# Ziektes & Aandoeningen > Ademhaling en longen >  Longontsteking/Pneumonie - Artikels

## Agnes574

Longontsteking

Een longontsteking (pneumonie) is een infectie van het longweefsel veroorzaakt door een virus of een bacterie. Hoewel de meeste virussen doorgaans alleen een verkoudheid veroorzaken, kunnen ze bij een verminderde weerstand ook een longontsteking veroorzaken. De meest voorkomende verwekker van een longontsteking is de bacterie Mycoplasma pneumoniae. 

Verwekkers van longontstekingen komen de longen binnen doordat ze worden ingeademd. Ter plekke veroorzaken zij een ontsteking van het longweefsel. Bij de twee meest voorkomende vormen van longontsteking is alleen het gebied rondom de bronchiïeen (de kleinste vertakkingen van de luchtwegen) ontstoken, of er is een gehele longkwab of de gehele long aangetast. 

Longontsteking begint met een irritatie van het longweefsel. Dit is te merken doordat de ademhaling versnelt, pijnlijk is en oppervlakkiger wordt. De borst doet pijn en daarbij komt meestal keel- en hoofdpijn voor. De ontsteking veroorzaakt koorts, waardoor je gaat transpireren en rillingen krijgt. Je gaat slijm ophoesten, mogelijk met bloed. Dit komt doordat de wanden van de longblaasjes (de zogeheten alveoli) zwellen of kapotgaan. Bloedplasma en rode en witte bloedlichaampjes uit kleine bloedvaten in de longen vullen vervolgens de ruimte. Het betreffende deel van de long wordt hierdoor relatief hard en is tijdelijk niet functioneel. 

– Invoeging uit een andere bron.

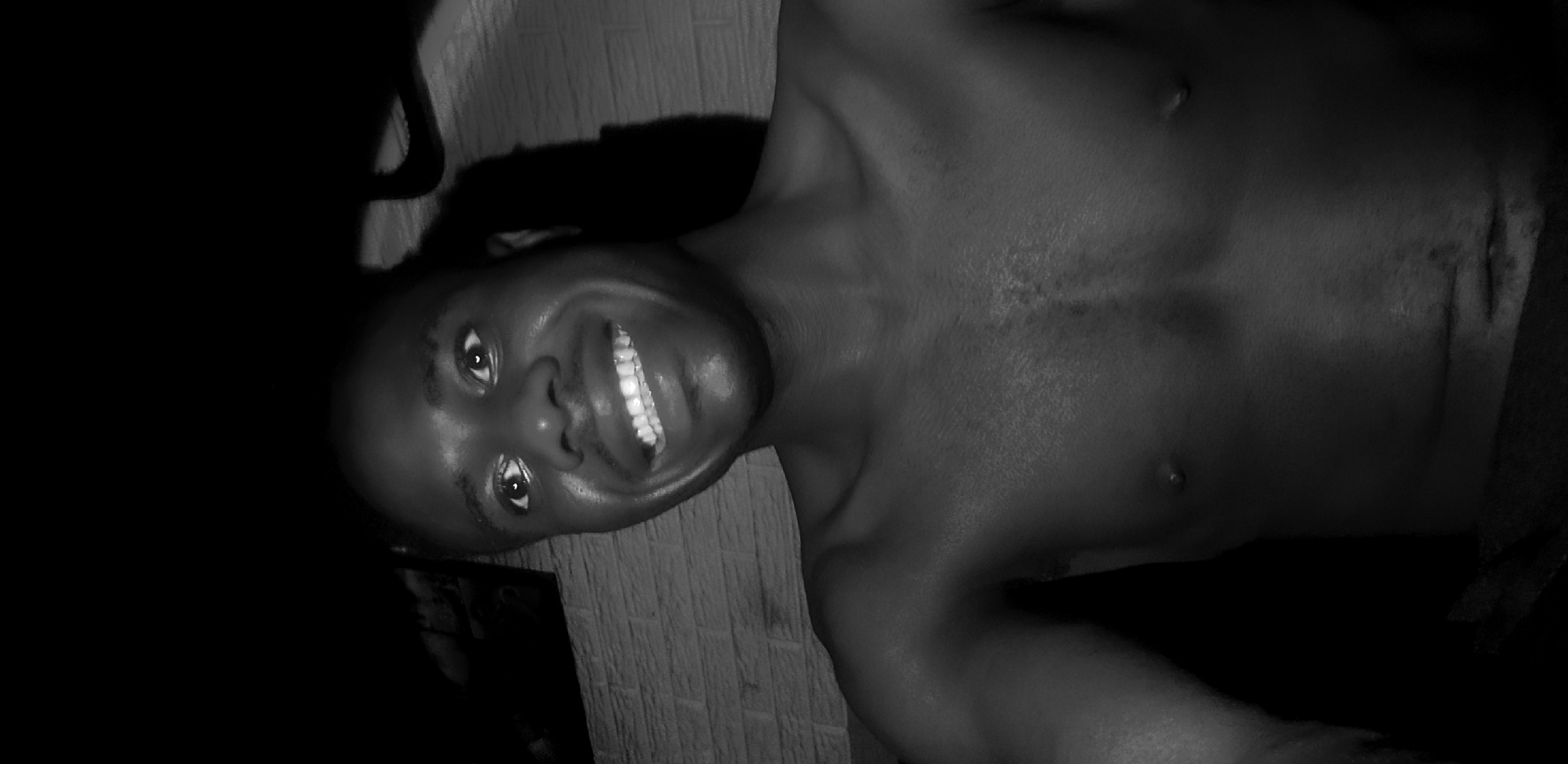 A black and white, close-up selfie shows a shirtless Black man with dark skin, a broad smile, and wide eyes. He is looking up and slightly to the left of the camera. The background includes a textured wall that appears to be brick and a dark, indistinct area above him. The lighting casts shadows on his face and chest, highlighting his features. No specific location in Narayi, Nigeria, can be determined from the image.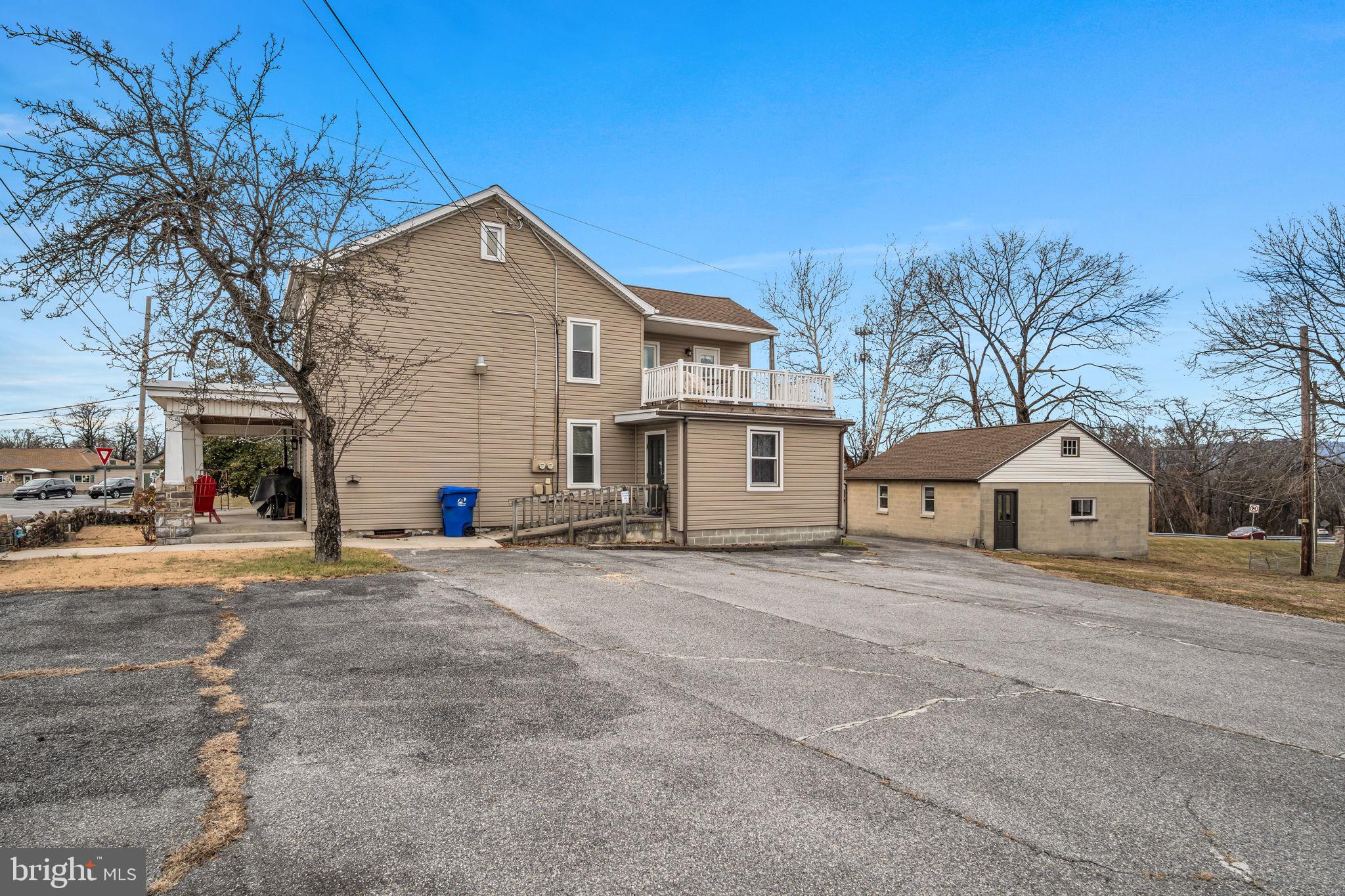 1602 Spring Road Carlisle, PA 17013 - Photo 11 of 33 a view of a house with a large space and a road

Er zijn verschillende vormen van longontsteking. Er is een vorm die vooral voorkomt bij kinderen en jonge volwassenen. Een andere vorm veroorzaakt longontsteking bij mensen met een verminderde weerstand. Dit is nogal eens het geval bij mensen met AIDS. 

Een bijzondere vorm van longontsteking is Q-koorts(zie artikel hierover hier op MediCity). De verschijnselen zijn hoge koorts, hevige hoofdpijn en neuscatarre (=ontstoken neusslijmvlies). Deze vorm van longontsteking wordt veroorzaakt door een micro-organisme (Coxiella burnettii). 

Kinderen jonger dan één jaar, mensen boven de 60, mensen met diabetes, rokers en alcoholisten lopen een groter risico om een longontsteking te krijgen. Als je vermoedt dat je een longontsteking hebt, bezoek dan snel de huisarts. Deze kan je onderzoeken en eventueel een rontgenfoto laten maken die uitsluitsel geeft. 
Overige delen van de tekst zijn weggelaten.